The court said parts of Judge Koh's ruling against Apple were correct, but it said the judge should spend more time considering evidence offered by the iPhone maker to support arguments that Apple is being irreparably harmed by Samsung's patent infringement.
During the original Apple v. Samsung trial, Apple requested an injunction to prevent Samsung from selling its Galaxy line of smartphones and tablets within the United States. Koh denied Apple's request, suggesting there was no evidence Apple would suffer irreparable harm if Samsung was able to continue selling its products.

Koh did issue preliminary injunctions against the Samsung Galaxy Nexus and the Galaxy Tab, but the appeals court later reversed the ban on the Galaxy Nexus.

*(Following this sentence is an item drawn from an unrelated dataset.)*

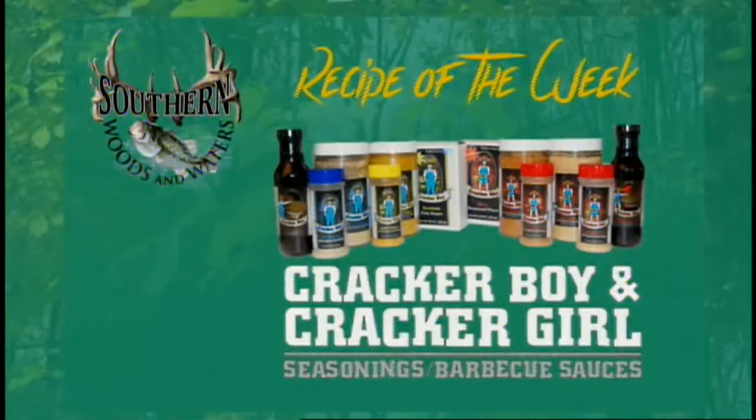Welcome back everyone. This week's recipe of the week is being brought to you by Krypto Boy and Krypto Girl. Brent Price is not in the house, at least not in his house. He's at his house having to watch a bunch of construction crews that are building his new house and doing renovations. He said he's mad enough for a little while, having to watch these crews work.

While today's appeals court ruling upholds Koh's original decision disallowing Apple from requesting an injunction based on design patents, it does allow for a possible injunction on Samsung products based on Apple's utility patents, such as the "Steve Jobs patent" and Apple's "rubber banding" patent covering bounce back.

With both stronger patents and the possibility of an injunction, Apple will have a good case for a Samsung product ban during its second infringement lawsuit that will cover more recent Samsung products like the Galaxy S III, and the Galaxy Note II, among other products. Though the injunction Koh must reconsider dates back to the 2011 lawsuit and covers older products, it would also affect newer devices with a similar infringement pattern.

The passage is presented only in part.